The forecasts of 34 experts ranged from -25 to -11.5 points, with a median forecast of -18 points, so the change in the indicator became the second most unexpected in the history of observations (the first was in one of the post-COVID months).

The leading indicator of new orders changed sharply in a positive direction - from -21.7 to 25.1 points. In second place was the shipments index, which changed from -13.1 to 23.9 points.

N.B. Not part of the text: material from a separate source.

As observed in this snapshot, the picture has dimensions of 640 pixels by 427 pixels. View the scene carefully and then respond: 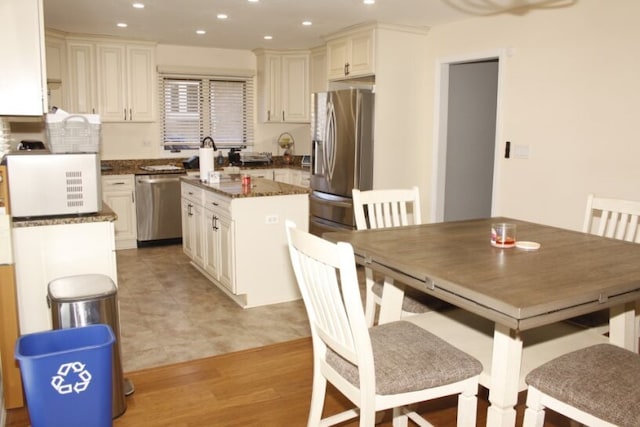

The weak point of the report was the employment data - the hiring index remained at -8 points for the third month in a row, and the average workweek index fell by -6.4 points. The data confirmed the worrying trend that emerged in early March: at that time, the number of job openings sharply decreased (JOLTS data), and the growth of initial claims for unemployment benefits accelerated:

Yesterday was another positive day in risk asset markets, and today the rally continues, while the dollar is on the defensive. As expected, the upward correction of the dollar did not develop, and EURUSD found support near 1.09. Sentiments significantly improved after today's economic data from China exceeded expectations, pushing talks of a recession to the background for a while. China's GDP grew by 4.5% in the first quarter of 2023, which is significantly higher than the forecast of 4.0%, also indicating a sharp acceleration compared to the previous quarter (2.9%). Retail sales in March grew by 10.6% in annual terms, with a forecast of 7.4% (a two-year high), and the pace of industrial production growth was the highest in 5 months. Unemployment, according to a population survey, dropped to a 7-month low.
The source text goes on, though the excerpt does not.